The town is transected by a railway (the Great Western, London 25 minutes by Inter-City or as little as 3 1/2 hours by Thames Trains), the Thames, the Kennet, the Kennet and Avon Canal, the A4, A329M and the M4. This maximises the potential for traffic bottlenecks, which the council wisely ensures you cannot avoid by strategic use of one-way schemes and inexplicable road closures. Just to ensure that traffic flow is minimised, Berkshire and Oxfordshire disagree on which route people should take to almost anywhere. For example, Reading think that the A4074 is a good route to Oxford, on the spurious grounds that it goes straight there.
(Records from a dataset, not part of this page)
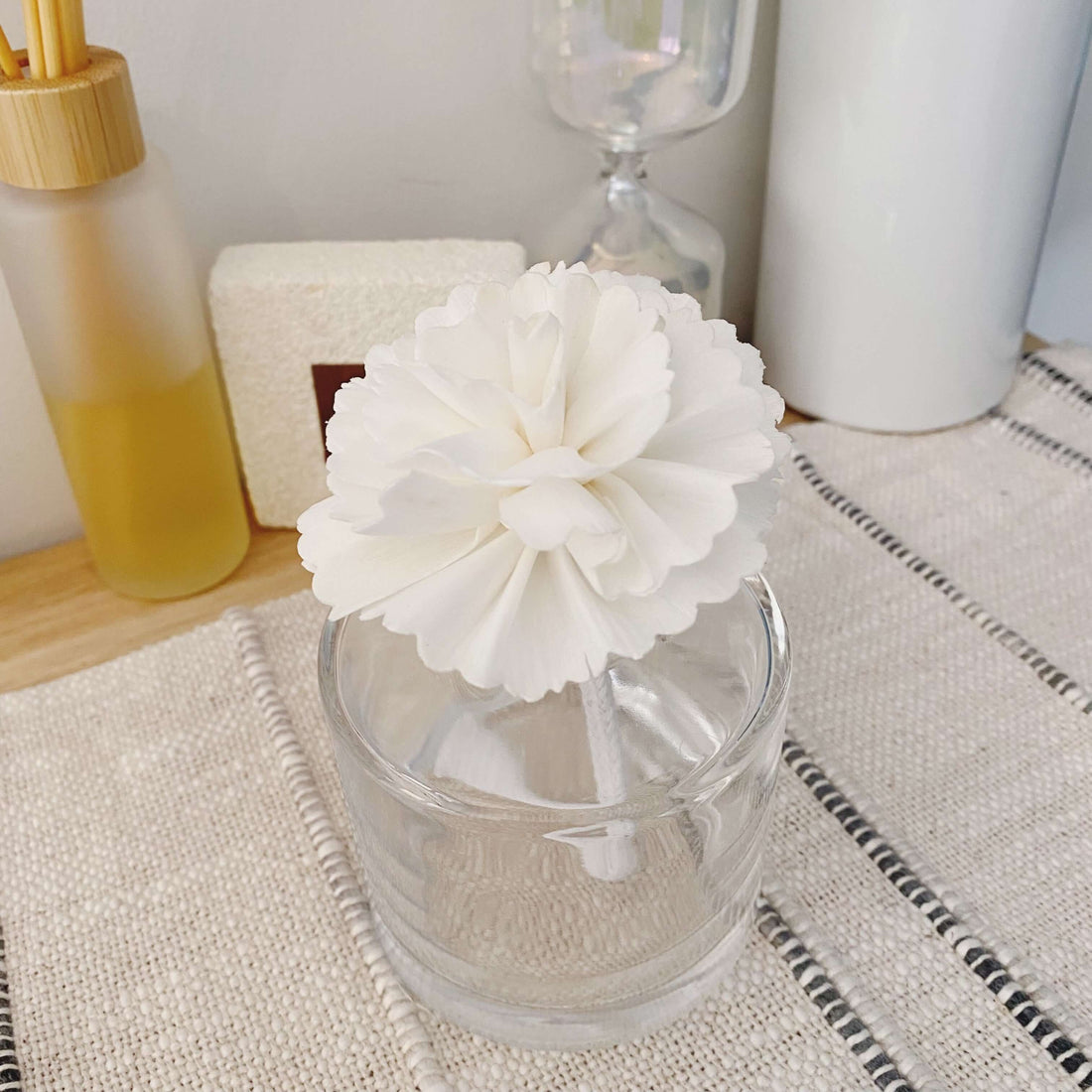 Carnation Flower Diffuser_Sol Candles & Scents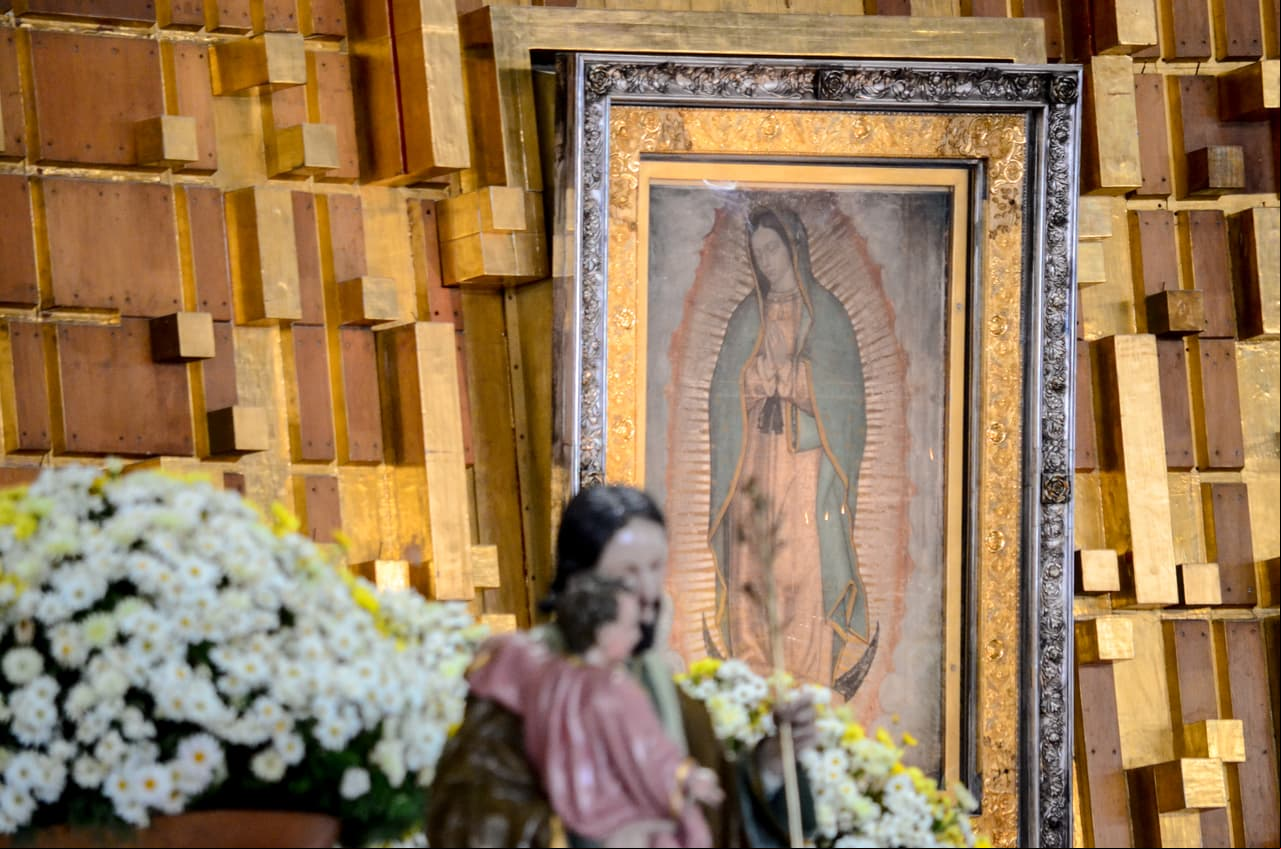 Pese a ser un símbolo religioso mexicano, contrario a lo que podría pensarse, el nombre "Guadalupe" proviene del árabe y significa “Río de lobos”.
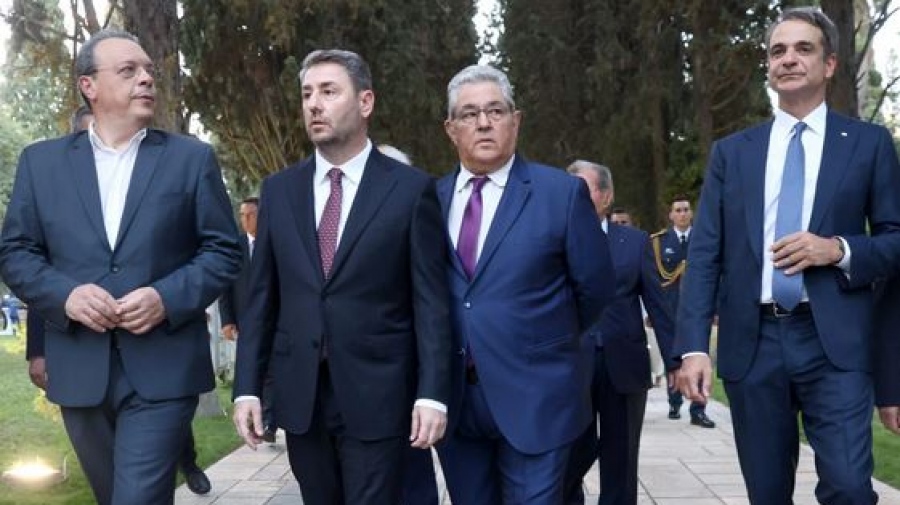 Η Ανάσταση των πολιτικών αρχηγών και τα μηνύματα - Μητσοτάκης: Χρόνια πολλά με υγεία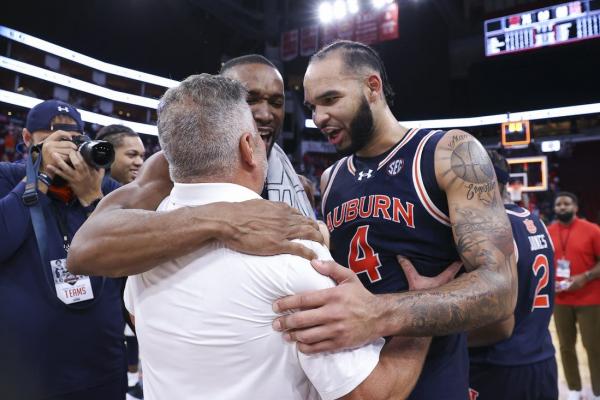 No. 5 Auburn faces Kent State, aims to build off of big win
Oxfordshire on the other hand favour the much more rational selection of the A34, based partly on the fact that you have to drive the wrong way for half an hour in order to join it, and partly on the fact that the A34 is one of the most congested trunk roads in the UK.

On one memorable occasion a lorry caught fire on the M4, within the Reading area boundaries, and casualties had to be taken to Swindon because it was not possible to move an ambulance through the gridlock caused in the town by the M4 closure. This is no exaggeration.

Shops in Reading are so good that many people will drive to Oxford for a day’s shopping (although to be fair it is also cheaper to drive to Oxford and get the bus from the park-and-ride, than to park in Reading for a day). Hickie's music shop and Drew's the Ironmongers are honourable exceptions - otherwise it's all chain stores. I mean, why would there be five shoe shops all selling identical shoes? What is the point?

There are plus points. Unemployment is low (leading to some of the most astronomical house prices in the country – after all, you wouldn’t want unemployed people moving in, would you?) and there is a very good train service to London, as well as Thames Trains. There are even a few civic amenities, such as swimming pools too hot to swim in, and the Chatham Street Vandaldrome where for a modest fee of five pounds or more you can have your car systematically destroyed while you shop.

The town council also have an interesting policy on primary schools. The assignment of catchment areas of Reading primary schools is performed carefully so that no school is actually outside its own catchment area, although several come close. Caversham Primary is one of the "best" primary schools in the UK, so the governors work tirelessly to ensure that the catchment area never strays from the upper middle-class Caversham Heights area, where parents can easily afford the extra maths tuition which proves so helpful to the school’s reputation. The council are willing participants in this, even to the extent of moving the catchment area to include their own homes.

Other areas of special interest include: the Inner Distribution Road, where every on-ramp is situated on a bend so you can't see anything in your mirrors; traffic lights on the roundabouts phased so you actually have to stop at each exit if you are trying to go round them (true!); an Oxford Road which doesn't go even vaguely towards Oxford and which coincides with neither of the above mentioned routes; and some world-beating traffic jams. It takes me 90 minutes from Reading to Gosport, of which the first 35 is spent getting 6 miles from one side of the town to the other, and the remainder gets me over ten times the distance, including through Basingstoke.

Yellow Pages live in Reading, as does the Hexagon (where the snooker used to be), Honda UK and one or two other famous firms too numerous to mention. So do I. Come to Reading some day: if nothing else you'll appreciate your home town more afterwards.